2. Die Wirkung des Subsidiaritätsprinzips wird auf rein institutioneller Ebene ebenfalls überschätzt. Die Gestaltungmöglichkeiten wurden in den Verträgen uneinheitlich ausgedrückt. Es besteht vor allem ein Missverhältnis zwischen der Subsidiarität und der ebenfalls vertraglich verankerten Pflicht der Mitgliedstaaten zur Rechtsangleichung, wobei letztere natürlich auf der Basis einer zentral verabschiedeten Rechtsgesetzgebung erfolgt. Der vertraglich „geregelte” Geltungsbereich des Prinzips ist im Bereich der sogenannten konkurrierenden Zuständigkeiten zwischen Mitgliedstaaten und Europäischer Union zu sehen. Keine Anwendung findet es freilich im gesamten Bereich des Binnenmarktes. Das Prinzip bleibt dennoch auf der Ebene der Andeutung. Es wird nicht direkt mit dem „Ausschuss der Regionen” in Verbindung gebracht, woraus denn auch konkrete politische und rechtliche Praxisperspektiven entstehen könnten. Die Unbestimmtheit des Prinzips in den Verträgen kann somit nicht nur eine Zurückhaltung der EU-Zentralgewalt, sondern auch ihr Eingreifen begründen (Magiera 1994; Frey 1997: 40). Es wird somit bezüglich des Subsidiaritätsprinzips innerhalb des institutionellen Gefüges der EU über ein kontextabhängiges Chamäleon gesprochen (Walkenhorst 1997).

 

IV. Der Charakter des derzeitigen ordnungspolitischen Status quo der EU im Vergleich zu föderalen Organisationsprinzipien

Unter rein politikwissenschaftlichen bzw. staatstheoretischen Auspizien ist es keine leichte Aufgabe den derzeitigen organisationspolitischen Status quo der EU zu ermitteln. Die bisherigen Erfahrungen, die Begriffe wie Einheitsstaat, Bundesstaat oder Staatenbund hervorgebracht haben, sind in Bezug auf die politische Struktur der EU problematisch. Bei der EU handelt es sich eindeutig um eine sui generis interstaatliche Organisationsform.

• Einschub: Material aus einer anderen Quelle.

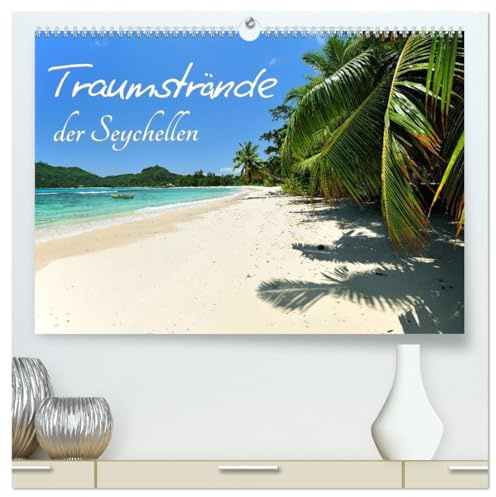 Traumstrände der Seychellen (hochwertiger Premium Wandkalender 2026 DIN A2 quer), Kunstdruck in Hochglanz: Die schönsten Strände von Mahé, La Digue und Praslin (CALVENDO Orte)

Dies wird deutlich, wenn man folgende Aspekte berücksichtigt: die EU besitzt kein im gängigen Sinne staatliches Gewaltmonopol. Es gibt keine einheitliche Territorialherrschaft, denn die nationalen Hoheitsgebiete existieren nach wie vor. Eine europäische Staatsbürgerschaft ist unzureichend definiert, und wenn überhaupt dann nur in Verbindung zur nationalen Bürgerschaft. Existiert des weiteren eine immer stärker auftretende Integration ökonomischer, innenpolitischer (und bis dato zumindest auf dem Papier) außenpolitischer Interessen, besitzt die EU dennoch nicht die Eigenschaft eines souveränen, völkerrechtlich selbständigen Staates. Auf der anderen Seite ist die derzeitige Verflechtung von Aufgaben und Politiken zwischen der zentralen und nationalen Ebene in der EU so weit fortgeschritten, dass sie nicht als (loser) Staatenbund bezeichnet werden kann (Hrbek 2003).

Man sollte in dieser Hinsicht die Kontingenz bisheriger europäischer Integration nicht außer Acht lassen. Die EU ist das Produkt von heterogenen Interessenlagen und der unmittelbaren Reaktion auf aktuelle Verhältnisse. Außerdem sind die Integrationsmethoden und -mechanismen je nach Sachgebiet unterschiedlich. Das Offenhalten der Finalitätsfrage in den Verträgen erschwert außerdem eine konkrete Aussage.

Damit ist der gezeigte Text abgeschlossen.